A controls report can help address this trust gap

A controls report provides a structured and standardised way for a service organisation to articulate the controls which address their most critical service objectives, aligned to your clients’ most critical risks.

These controls are tested by an independent auditor, which lends a far higher level of credibility to your statements about the quality of your controls than any self-attestation can provide.

This is therefore an effective way of demonstrating that your organisation is committed to a strong internal control environment which can be easily provided to third parties.
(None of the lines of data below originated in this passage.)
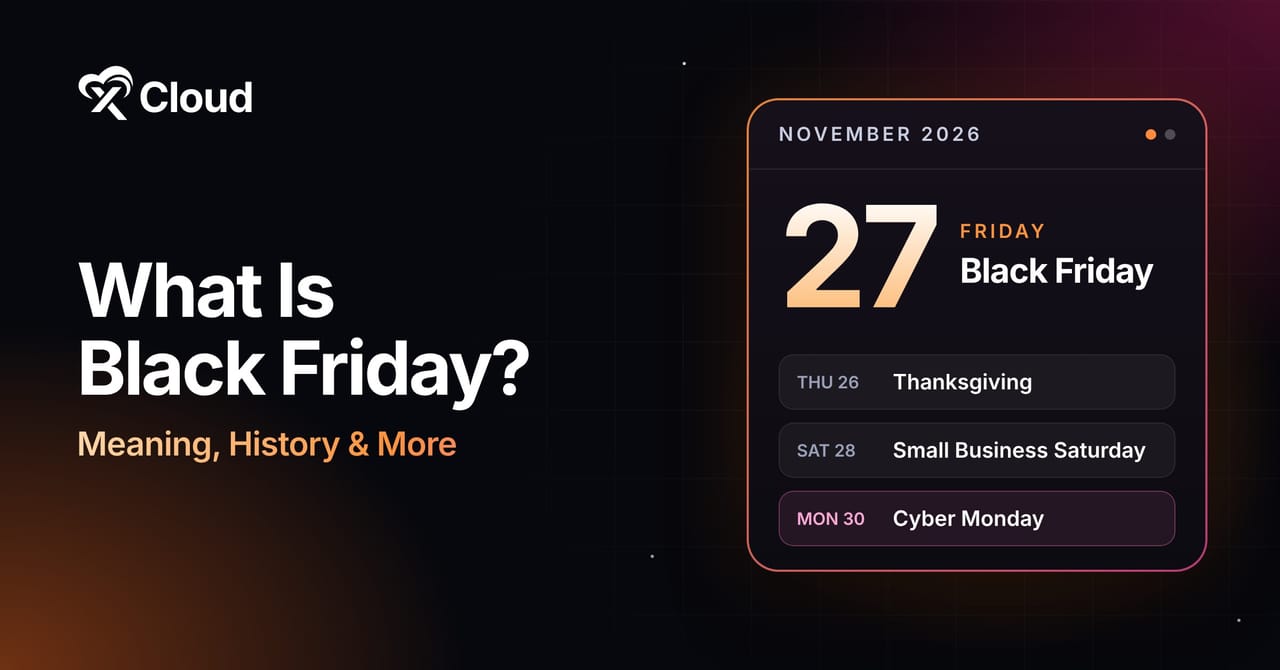 What Is Black Friday? A November 2026 calendar showing Thanksgiving, Black Friday, Small Business Saturday and Cyber Monday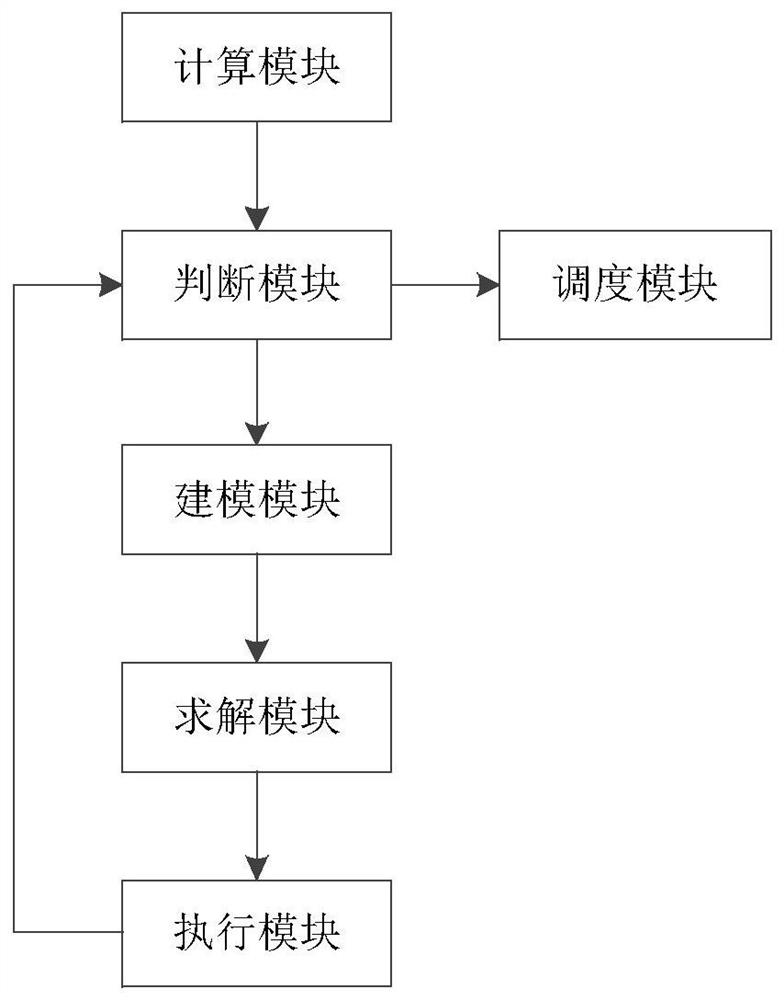 A method, system and device for path planning of multiple mobile energy storage vehicles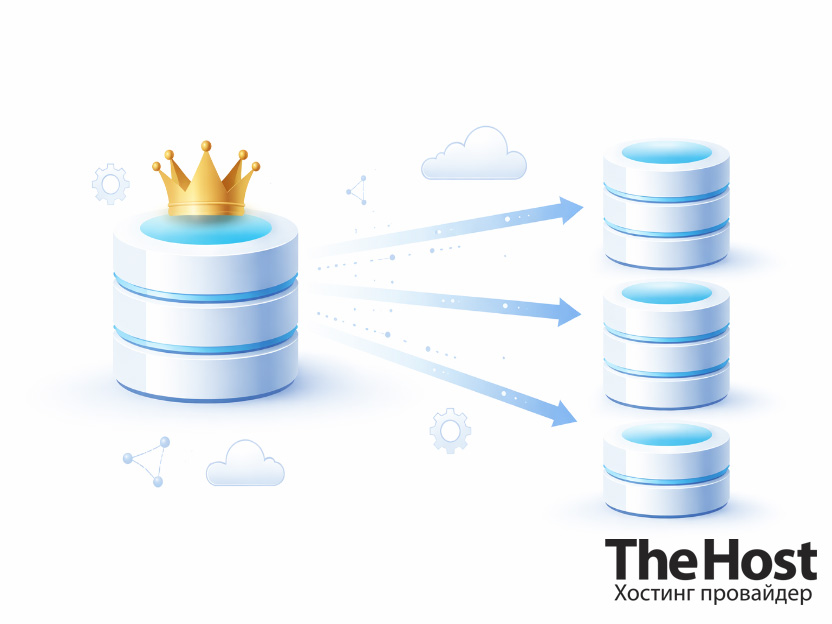 TheHost Replication master-slave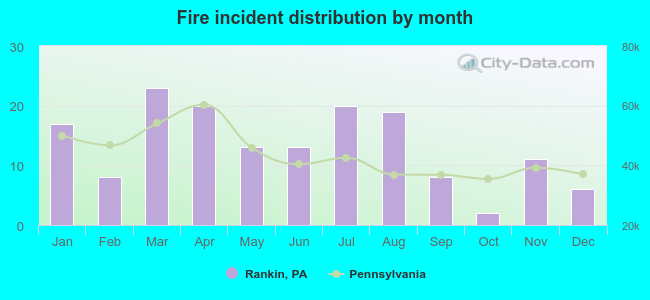 Fire incident distribution by month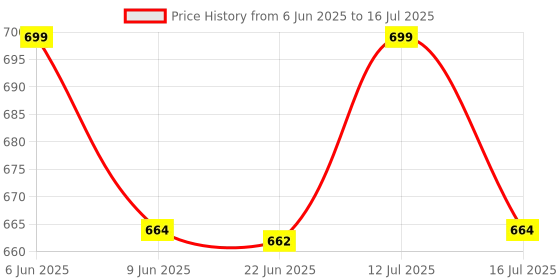 amazon.in peter jones Rectangular Unisex Oversized UV/UB Protected Sunglasses (3766) peter jones Price History Graph from 6 Jun 2025 to 16 Jul 2025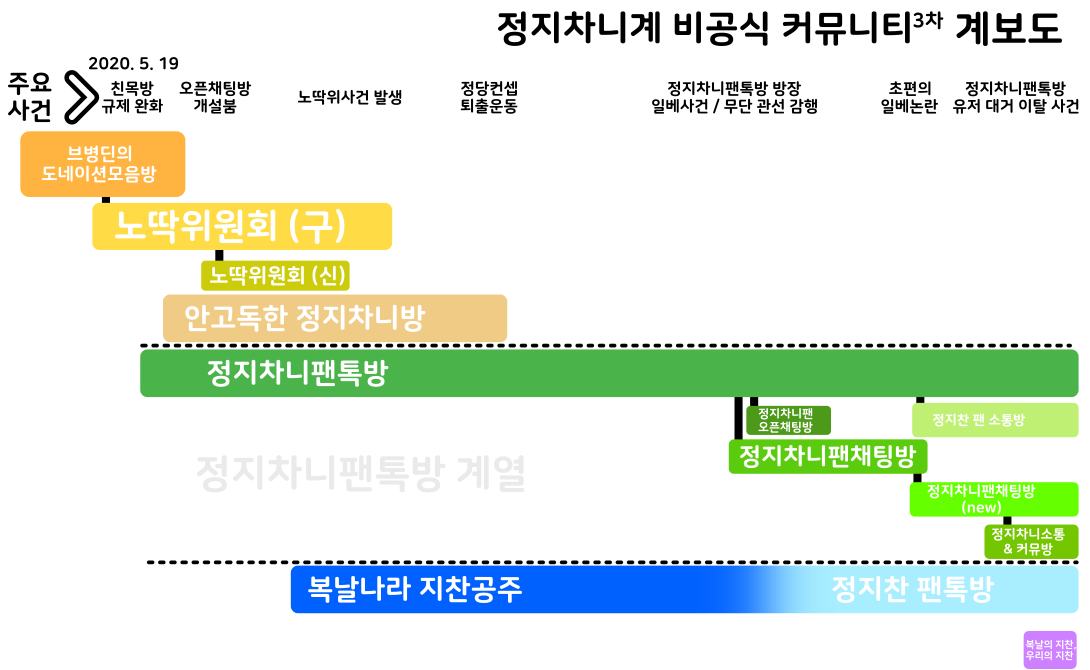 파일:정지차니계 커뮤니티 3_5차 계보도.png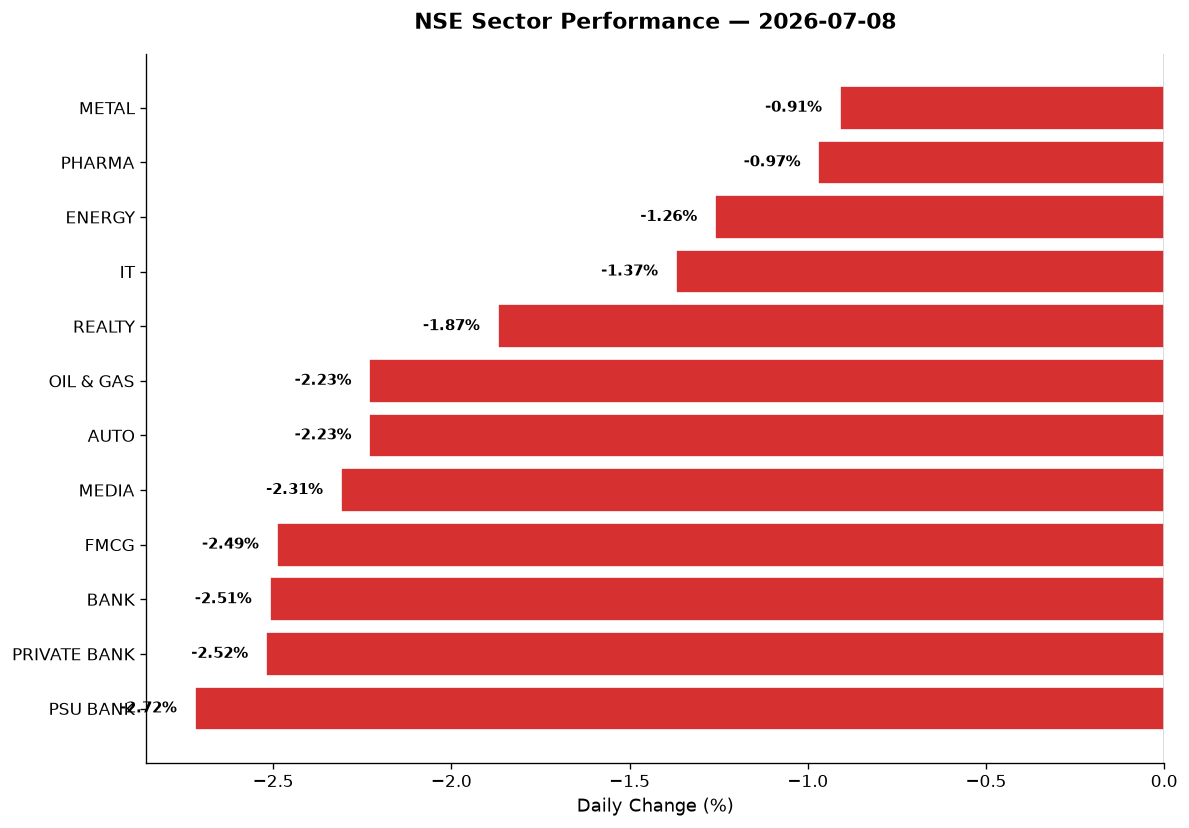 Market chart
The benefits of independent controls assurance

1. Credibility

Clients, and prospective clients, are becoming more demanding of firms and asking for the higher level of comfort that comes with external assurance.

2. Growth

Prospective clients are specifically asking for external assurance as part of their own due diligence procedures as part of the RFP process. By being proactive, you have the opportunity to ensure that controls reporting is a positive differentiator when pursuing prospective clients.

3. Comparability

A controls report with control objectives allows for benchmarking against your peers and an understanding of where you may be doing more or less than your competitors.

4. Challenge

With external assurance, the controls environment will be looked at with fresh eyes and challenged by experienced controls reporting practitioners, which keeps them evolving and focused.

5. Comfort

By obtaining external assurance you can add an additional level of challenge over your controls, giving you more confidence over the quality of the operation of controls before an issue occurs.

The path to independent assurance

Obtaining a controls report requires management to first create / formalise the internal control framework and risk mapping. The key steps that are required of management therefore in this first step are:

  • Determining the key relevant risks (usually with reference to a defined framework such as ISAE 3402/ AAF 01/20 and/or your services catalogue).
  • Defining the internal controls that are in place at the business.
  • Mapping these internal controls against the previously identified key risks.

Management then engage an independent auditor (like PwC) to assess the controls framework that is currently in place, and provide an independent assurance opinion on those internal controls.

Once this independent assurance report/opinion has been received, it is included with the management description of the control framework (which also includes the mapping against the key risk) and together this is the Controls Report.

1. Controls formalisation

Management identifies the key risks that they want to obtain assurance over, usually with reference to existing frameworks of ‘control objectives’ relevant to different subjects.

2. Type 1 reporting

PwC reviews the design of management’s controls against management’s stated control objectives and also assesses whether the control objectives capture the relevant risks against the relevant framework as at a point in time.

3. Type 2 reporting

PwC performs testing and provides an opinion on management’s controls and whether they operated effectively for a period of time (at least 3 months) in a report for the board and management, which can also be provided to interested third parties.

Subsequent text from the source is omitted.